Les faits de l’espèce révèlent qu’un contribuable domicilié en France a fait l’objet d’un examen contradictoire de sa situation fiscale personnelle pour les années 2014 à 2016. Les services fiscaux, alertés par leurs homologues allemands, ont découvert l’existence d’un compte bancaire ouvert dans un établissement suisse présentant un solde créditeur de 209 824 euros au mois d’août 2009. Face à l’absence de justification satisfaisante sur l’origine des fonds, l’administration a notifié un redressement de 108 575 euros sur le fondement de l’article L. 23 C du livre des procédures fiscales. Un avis de mise en recouvrement a été émis le 28 septembre 2018, suivi d’une décision de rejet de la demande de dégrèvement le 4 avril 2022.
Par acte du 20 juillet 2022, le contribuable a assigné le directeur régional des finances publiques aux fins d’obtenir la décharge des impositions supplémentaires. Le tribunal judiciaire de Besançon, par jugement du 4 juin 2024, l’a débouté de l’intégralité de ses demandes. Le contribuable a interjeté appel le 16 juillet 2024, invoquant principalement la contrariété du dispositif fiscal français au principe de libre circulation des capitaux et l’irrégularité de la procédure mise en œuvre.

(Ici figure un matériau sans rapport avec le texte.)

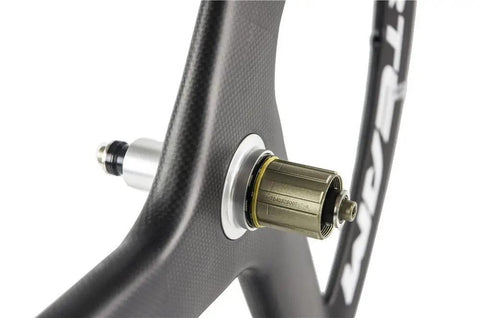 Close-up of 56Mm Carbon Road Bike Tri Spoke Wheelset hub, 23mm wide, 700C clincher, matte 3K finish, compatible for Shimano speeds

La question posée à la cour d’appel de Besançon était de savoir si le dispositif des articles L. 23 C du livre des procédures fiscales et 755 du code général des impôts, en ce qu’il permet la taxation d’avoirs détenus à l’étranger sur une période décennale, méconnaît le principe de sécurité juridique et la libre circulation des capitaux garantis par le droit de l’Union européenne.
La cour d’appel de Besançon a confirmé le jugement déféré en toutes ses dispositions. Elle a retenu que « les règles de procédure fiscale applicables en la matière ne privaient aucunement le contribuable du droit d’invoquer la prescription » dès lors que l’article L. 23 C du livre des procédures fiscales prévoit expressément un délai décennal. Elle a également jugé la procédure régulière et rejeté la demande de réduction de moitié de l’imposition fondée sur la co-titularité du compte.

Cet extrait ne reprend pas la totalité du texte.